Mike your comments are fab lately.I am a little worried about your empathy for Gregorio, though...jajaja.
NovelaMaven: Love 'Nation Bloviation'! That subtitle needs to be sent to the Economist for use on their Election coverage. They always have the most CLEVER word play at the Economist.
Well, they can't say we are not making the best of things over here at El TalMajal.
120 episodes "planned"...hopefully they haven't filmed too many episodes, so they can speed things up and end this thing sooner. Or move this one to midnight and start airing a better telenovela.
Julia, et al. Just wait--there's going to be a Grand Opening for The Only Hotel Inn Fresno very soon. TOHI--very, very good.
Sylvia--I want to make sure that you understand that Galanbesoparalysis came from Vivi--she's our main wordsmithy. I hope we keep hearing from her here.
Anita
Will The Only Hotel Inn Fresno have blow-dryers or do we need to bring our own? Better yet, we'll all bring ours to the grand opening and leave them there.
jenbeizaie, the only way to make sense out of this telenovela is to get as sloshed as Antonionlygymsocks. That might not do it either.

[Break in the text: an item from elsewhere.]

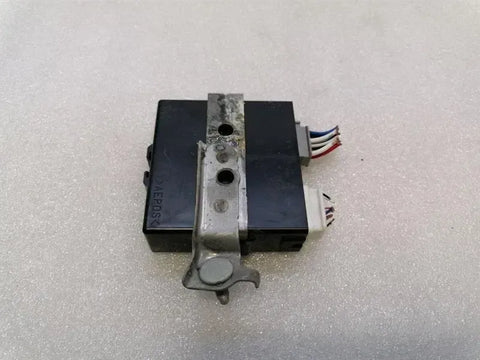 RXUS RX RX450h AL20 Electronic Module 89050-48050 Control Unit PARKING BRAKE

I think they'd better stick to 120 episode or, better yet, cut it short. The editing is so bad it's not like anyone would notice.
I think I might actually watch this tonight. I think I can deal with it once a week. Got to keep my snark tank full.
Julia- The Only Hotel Inn X...brilliant!
Anita- Thanks for remembering my contribution to the CarayCaray dictionary.